With attrition rates running (conservatively) at 13% across the Insurance industry AND with the heightened focus on cost-control, a leader is left with two scenarios:

1. Back-fill the recently vacated role(s)

2. Don’t fill the role and hope the team can manage the extra load.

Let’s dissect.

Option 1

With Option 1, not only are you not moving the needle on budget, you’re actually adding to cost. Research by SHRM found that replacement costs (hiring, training, lost productivity) runs at between 60% - 200% the cost of the role being filled.

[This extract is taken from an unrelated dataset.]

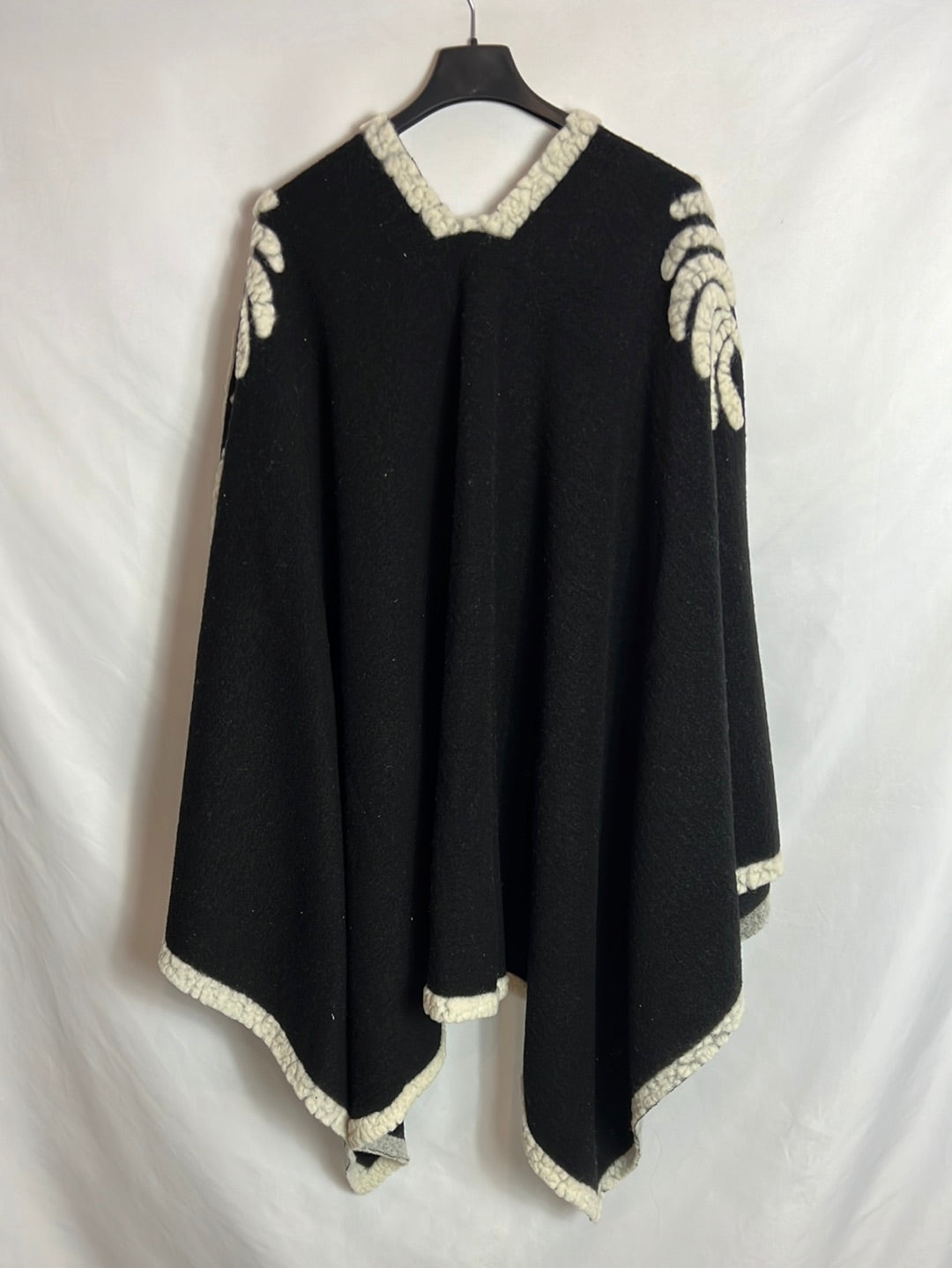 MANGO. Capa negra y beige texturas. T U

Now let’s factor that attrition rate back in. Assuming a department with 100 people being paid on average $60k. At 13% attrition, 13 staff members leave over the course of a year. That’s $780k in salary. So, when looking at the additional costs incurred by back-filling, that’s $468k to $1.5m of replacement costs on top of the salaries.

Option 2

By not back-filling in the same example as above, the leader would have an annual decrease in their spend of $780k.

Now obviously, from a purely cost-saving perspective, Option 2 wins out.

There’s a fairly large elephant in the room though…the same amount of work needs to be completed by the remaining 87 staff…while balancing service levels, quality, customer experience and staff engagement and burnout.

So, what can you do when you’re under cost and service-level pressure?

  • You can look at the efficiency of your process and systems…that’ll help decrease the overall workload, however it may take some time to execute (and my colleague Lee Gardiner has a great piece on the Hype Cycle which relates to this)
  • You can move work offshore or outsource, but that comes with its own raft of issues.

There is a third option however…

You can focus on Friction encountered by your frontline staff. The obstacles and pain-points they encounter each day are not only frustrating for them but take time away from focusing on meaningful work. An Ohio State study found that ‘in an 8-hour day, the average employee is productive for 2 hours and 53 minutes’. The rest of their day is lost to friction.

Friction is significant and is easy to eliminate once you can see it. The problem is, most organizations don’t have a systemic approach in place to capturing Friction. Instead, initiatives are driven by anecdotal evidence or responding to the squeakiest wheel.

To wrap up this exercise, let’s take the remaining 87 staff, and assume that we can remove 1 hour of Friction per person per day. That’s 87 hours of released capacity every day. The equivalent of 12 full-time employees.

So by focusing on friction at the frontline, not only can you save $780k (13%) annually through attrition (and all the costs associated with replacing these roles), you’ll positively impact team engagement by removing pain-points, and you’ll essentially fill the gap that attrition left through higher production.